January 25th, 2012 9:34pm Report this comment

@cynic - they're working on it...

Colin Cumner

January 25th, 2012 11:37pm Report this comment

Citing the re-armaments programmes of the late 1930s as 'solving' the social and economic aftermath of the Depression era overlooks the fact it also plunged Germany and the Western democracies into huge debt which has lingered long beyond the immediate post-war period. Massive public and private debt is what hinders economic progress and until nations learn to live within their means and not to get bogged down in the morass of military 'adventures', future generations will face continuing hardship.

daniel maris

January 26th, 2012 2:33am Report this comment

It's pathetic - how can you even mentino the OBR as an authority when they have been so SPECTACULARLY WRONG about just about all their forecasts.

Also, when is someone going to mention the obvious fact that - unlike in 1930s Britain - we are taking in an additional 500,000 people every year. Per capita GDP performance is FAR worse than the total GDP figures suggest, thanks to mass immigration.

oldtimer

January 26th, 2012 8:12am Report this comment

The best that the UK economy can hope for, over the next several years, is to flatline. Government spending, tax and energy policies will ensure this dismal outcome.

Scary Biscuits

January 26th, 2012 9:15am Report this comment

We need to stop using GDP as a measure. As well as convincing economic idiots like Blair to support immigration it has persuaded virtually everybody else that public spending is a good thing - because this is included in the GDP calculation.

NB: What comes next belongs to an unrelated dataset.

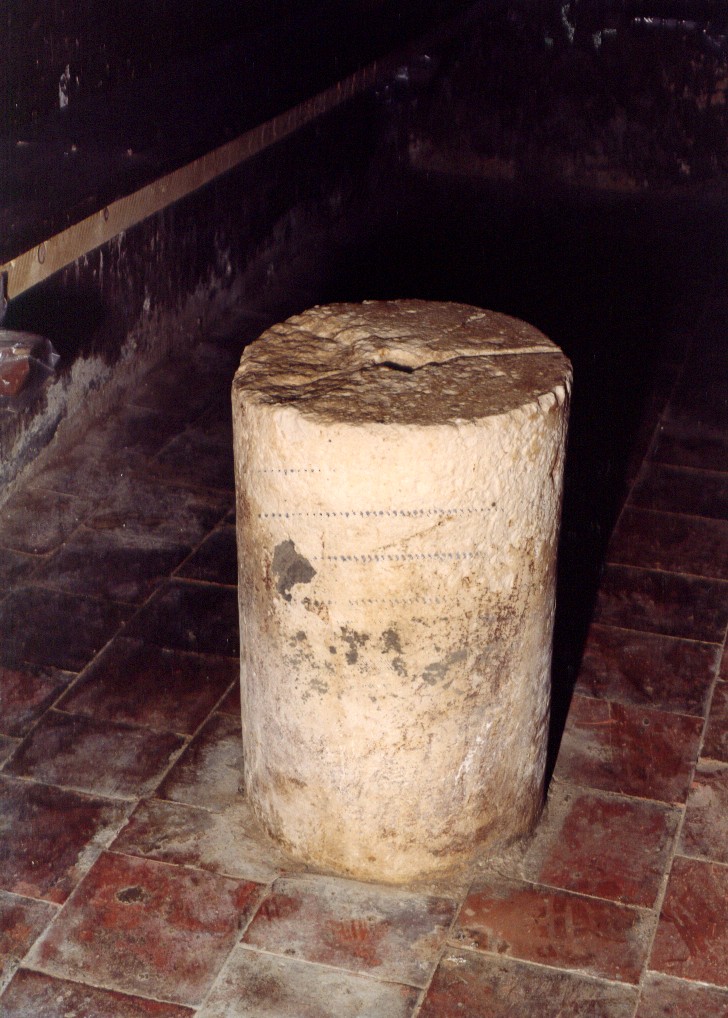 colonna, opera isolata - bottega abruzzese (sec. XII)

What we should be measuring is GVA (Gross Value Added) per person. This would strip out both government spending and the effect of immigration and be a much better measure of whether we are getting richer or poorer.

Ian Walker

January 26th, 2012 11:19am Report this comment

Without wishing to sound like one of the Occupy nutters, when massive amounts of wealth are concentrated in fewer and fewer individuals, who operate as a de facto cartel, recessions will inevitably be longer as the money supply is effectively strangled.

But until we start taxing wealth (hoarded wealth retards growth) instead of income (high income being spent promotes growth) then we'll never get out of the morass. Unfortunately, the fabled one percent pull all the strings at the top table, so don't hold your breath.

Johnnydub

January 26th, 2012 12:29pm Report this comment

Ian,

The problem with taxing wealth is that Governmwents won't do it as an alternative to income taxes but as an addition.

The problem is simply too much government - and no government of any flavour that I am familiar with is ever in favour of reducing in size or budget or headcount.

Colin Cumner

January 27th, 2012 3:08am Report this comment

As a postscript to my earlier posting, it is worth mentioning the fact that the wealth piled up by some individuals is not necessarily from manufacturing or other such industries but from being able to kick a football, display a fashionable dress or acting out life on the silver screen - big money at that - and none of which is very productive for the nation. We have to get back to basics - create manufacturing jobs, fill the vacancies in the nursing and aged care facilities and similar vital 'industries' and get away from the froth and bubble activities that generate huge wealth for individuals but do not do a great deal for the nation overall.

Cass2001

January 28th, 2012 8:33am Report this comment

The graph says it all. If the upward trajectory at the time of the election had continued rather than being derailed by ConDems policies and scary talk -quote "the economic equivalent of war!" - then we would be back in positive territory by now.